I used to be afraid of death. After a classmate drowned in the 8th grade, I became so fearful that I woke up every morning and wondered if I would die that day.
I even woke up in the middle of the night once and knocked on my parents’ door because I thought I was going to die. They didn’t wake up, so apparently I didn’t knock hard enough. Turns out I wasn’t dying.
I’m happy to announce that fear is gone. I don’t remember exactly when it went away, but I know it has something to do with Jesus, so I just leave it at that.
In the past, if I was going on a trip somewhere, I would write a letter to those closest to me, explaining if they were reading this letter, then I didn’t make it back home. I wrote a letter to my mom, best friend, and little cousin, Caleb. When I would return home safely, I’d throw the letters away. Weird, I know. (Hey.. I’ve got issues. What can I say?)

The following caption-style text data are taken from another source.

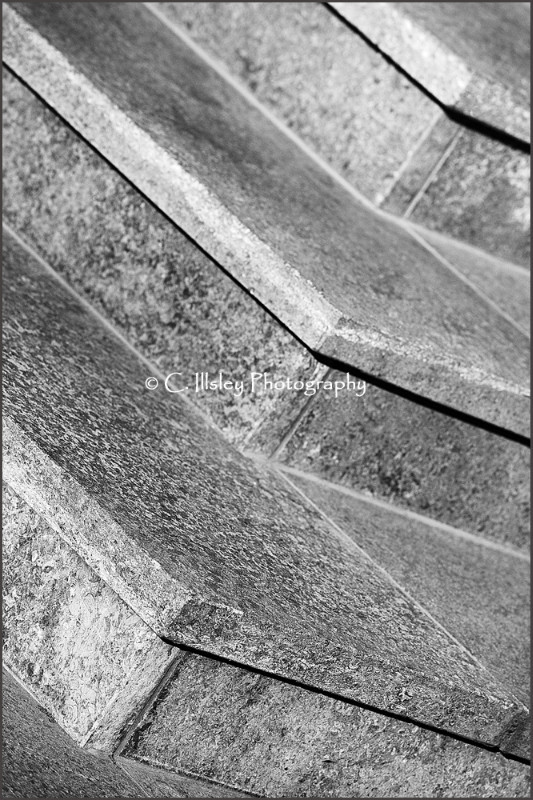 Drei Stufen - Abstrakte Bilder
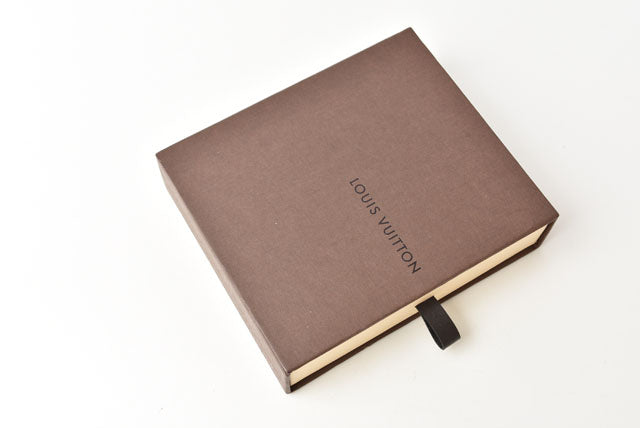 Louis Vuitton Leather Coin/Card Case M65126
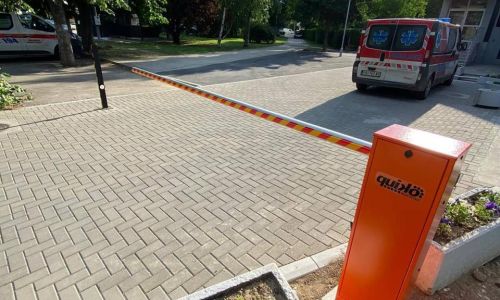 Automatic road barriers working principle
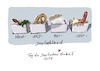 Cartoon: tag der Dt. einheit II (small) by Jori Niggemeyer tagged einheit,wiedervereinigung,deutschland,ddr,essen,kulinarisch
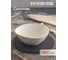 Салатник треугольный DOMENIK ROCK WHITE 16 см DM8014-6 2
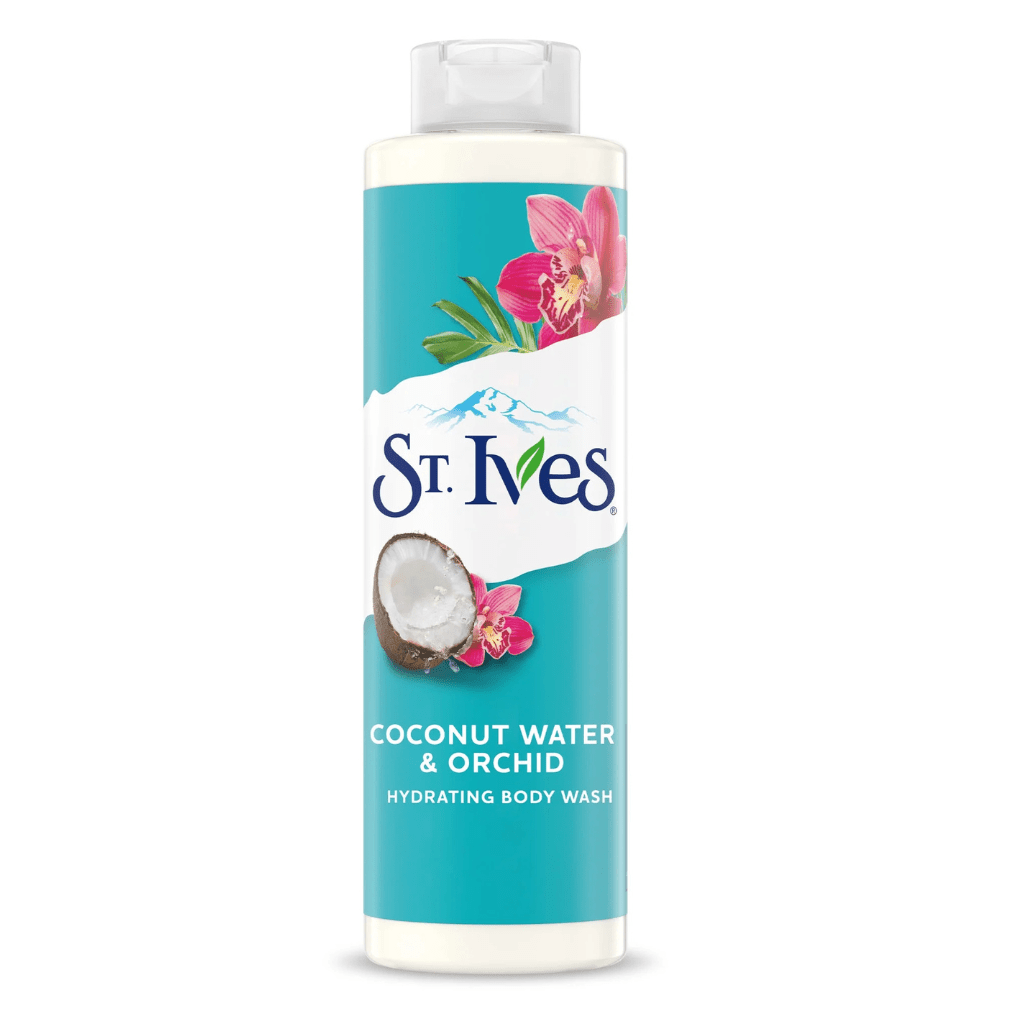 Look Alyfe St Ives Hydrating Body Wash Coconut Water & Orchid - 650ml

When I left for my recent mission trip, I didn’t write those letters. The thought actually didn’t cross my mind. I didn’t fear death either. I was just excited to go where God was leading me. That’s where my focus was.
On the plane home I thought about those letters. Why didn’t I write them? Why didn’t I leave powerful words to be said in case I didn’t return? Because I didn’t need too.
Everything that needed to be said had already been said.
My parents knew how much they mean to me. I tell them all the time. I didn’t try to throw in a bunch of words prior to leaving to make sure they knew.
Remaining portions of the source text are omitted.